American librarian (1912–2006)

Page Ackerman (June 30, 1912 – February 28, 2006) was an American librarian that received recognition for her work. She worked at the University of California, Los Angeles, for a few decades, and then she became a professor in UCLA's Graduate School of Library and Information Science.

==Personal life and death==
Ackerman was born on June 30, 1912, in Evanston, Illinois, and moved to Santa Monica, California, with her parents. In 1929, Ackerman attended the University of California at its then-recently built Westwood campus. She attended Agnes Scott College in Georgia as a junior by transferring using a physical education scholarship, and she graduated from there in 1933 with a Bachelor of Arts degree in English. Ackerman then attended the University of North Carolina at Chapel Hill (UNC), from which she graduated in 1940 with a Bachelor of Arts degree in library science.

Ackerman died on February 28, 2006, from congestive heart failure in Duarte, California.

==Career==
After completing her education, Ackerman began working at the Columbia Theological Seminary in Decatur and she left the position in 1943. During the same year, Ackerman was the post librarian at the U.S. Army Aberdeen Proving Ground in Maryland. Due to her working there, she became friends with astronomer Edwin Hubble and his wife, Grace. Ackerman received regimental review and a citation for Meritorious Service at the end of her time in the position. She became an assistant librarian in Richmond, Virginia, at the Union Theological Seminary, and she held that position from 1945 to 1949. Ackerman became the assistant university librarian at the University of California, Los Angeles (UCLA) in 1954, the associate university librarian in 1965, and the university librarian from 1973 until 1977. During her time at UCLA, she created the library's administrative network, and the network became a model for such systems across the United States. She worked on a university-wide catalog, improved selection, regional storage facilities, and acquiring extensive significant collections. Ackerman was in charge of taking care of the university's 3 million volumes and almost 500 staff. She was a part of the American Library Association (ALA) Council, and the ALA Committee on Organization.

From 1973 to 1977 and from 1982 to 1983, Ackerman was a professor in UCLA's Graduate School of Library and Information Science.
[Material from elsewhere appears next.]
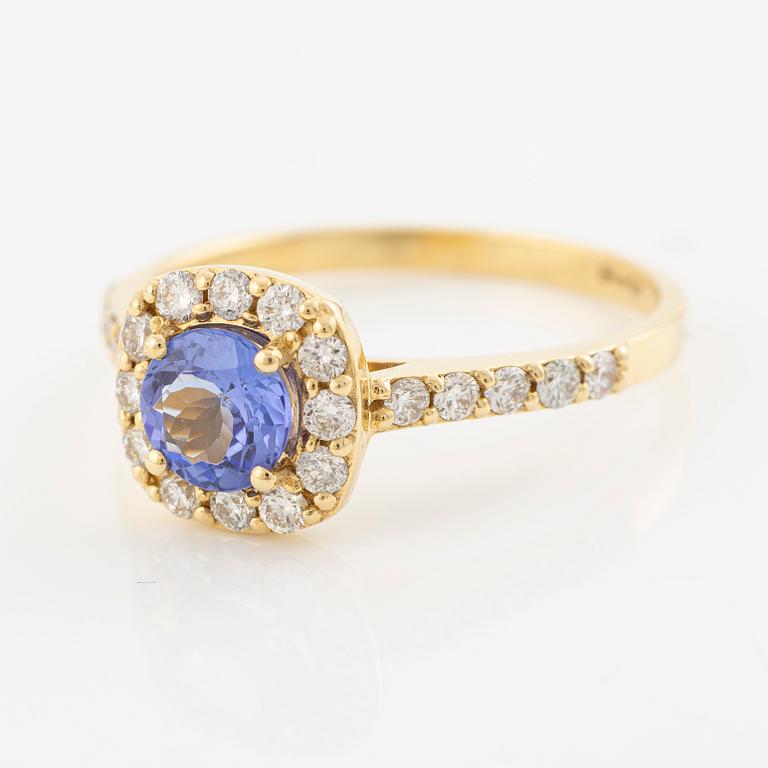 Ring in 18K gold with tanzanite and brilliant-cut diamonds.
Ackerman had an important part in the creating the Frances Clark Sayers Lectureship. She also worked as a visiting librarian at the University of California, Berkeley and a consultant of university libraries in California, Arizona, Florida, and Hawaii. During her tenure as university librarian, Ackerman was the first woman on the Association of Research Libraries' board of directors.

==Reception and awards==
In 1973, Ackerman received a Distinguished Alumnus Award from UNC during University Day. She was the second woman to receive the award during the University Day ceremonies. The Chapel Hill News said that Ackerman was "one of the foremost woman librarians in the nation." Ackerman won the Status of Women Award from the American Association of University Women, the Agnes Scott College's Outstanding Alumna Award for Distinguished Career, and a Distinguished Career Citation from the Association of College and Research Libraries. A two-volume biography of interviews with Ackerman was published in 1995, and it is held in the Charles E. Young Research Library.